*** Given records Section Begins ***
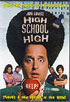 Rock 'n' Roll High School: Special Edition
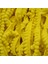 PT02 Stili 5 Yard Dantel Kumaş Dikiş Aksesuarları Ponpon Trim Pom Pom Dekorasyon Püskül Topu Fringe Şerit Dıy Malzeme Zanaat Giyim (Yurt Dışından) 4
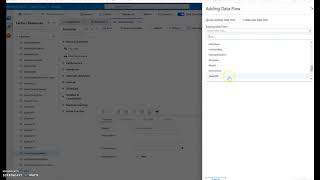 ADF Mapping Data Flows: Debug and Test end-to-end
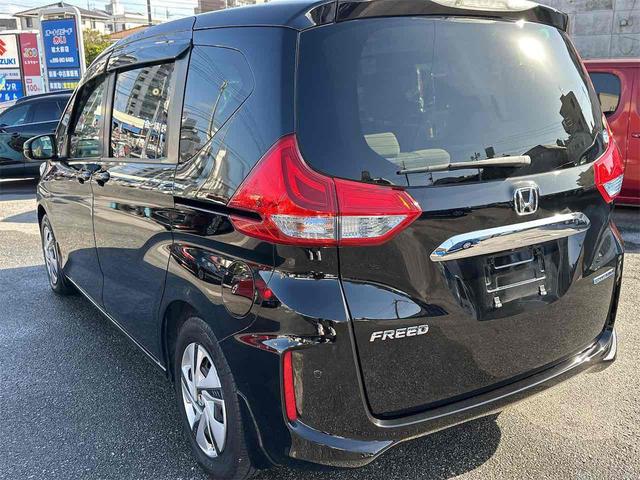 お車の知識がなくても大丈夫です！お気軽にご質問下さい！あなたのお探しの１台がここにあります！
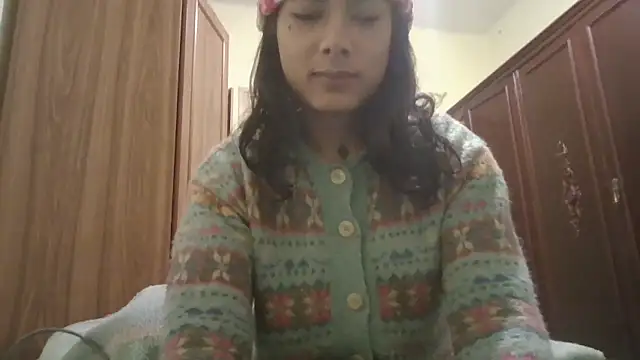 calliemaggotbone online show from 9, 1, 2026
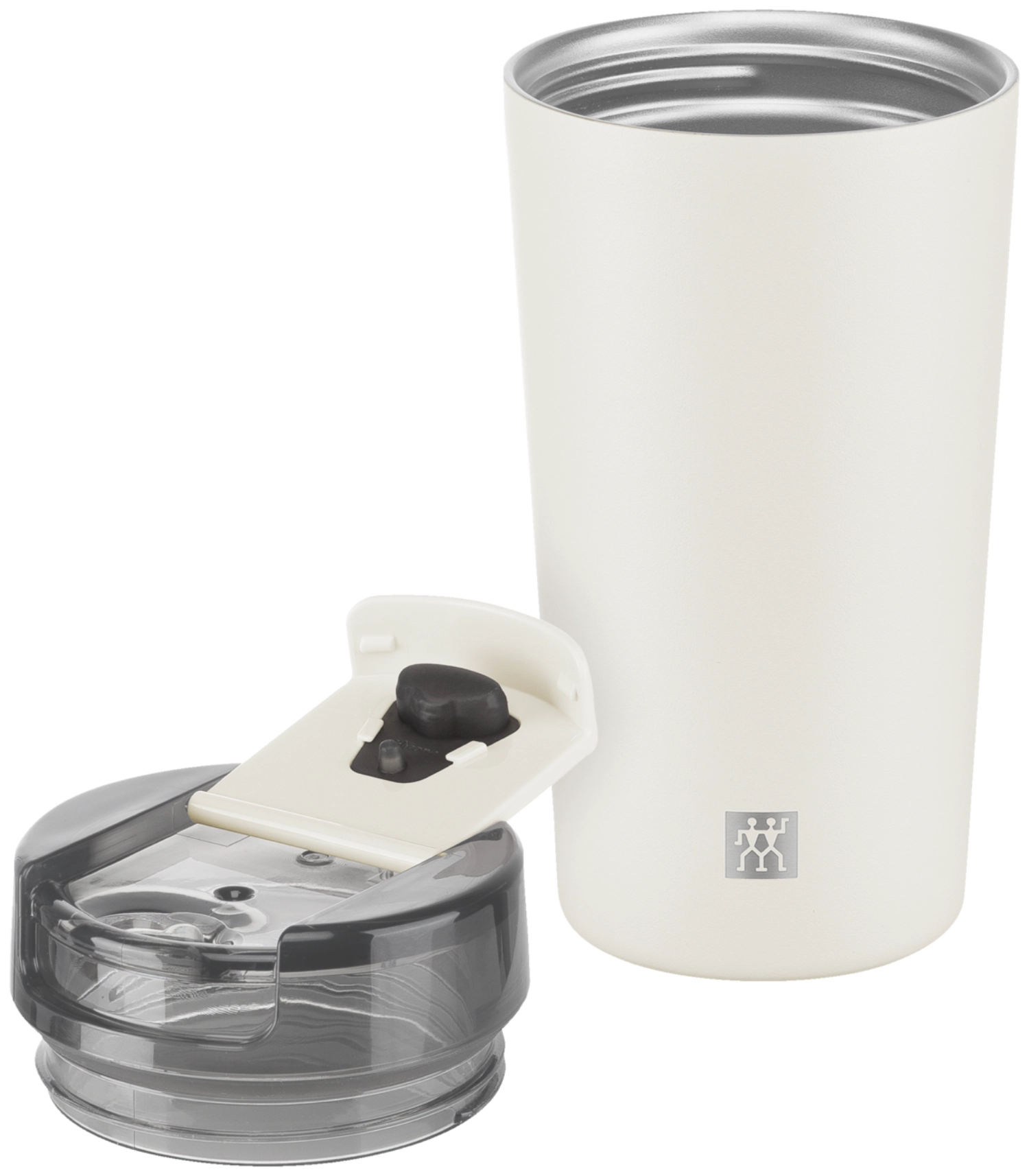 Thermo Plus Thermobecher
*** Given records Section Ends ***
• [What the task requires]
Extract exactly the lines from the one containing "お車の知識がなくても大丈夫で" through the last line of the records above, both included, and leave out the pictures.

• [Response to the task]
 お車の知識がなくても大丈夫です！お気軽にご質問下さい！あなたのお探しの１台がここにあります！
 calliemaggotbone online show from 9, 1, 2026
 Thermo Plus Thermobecher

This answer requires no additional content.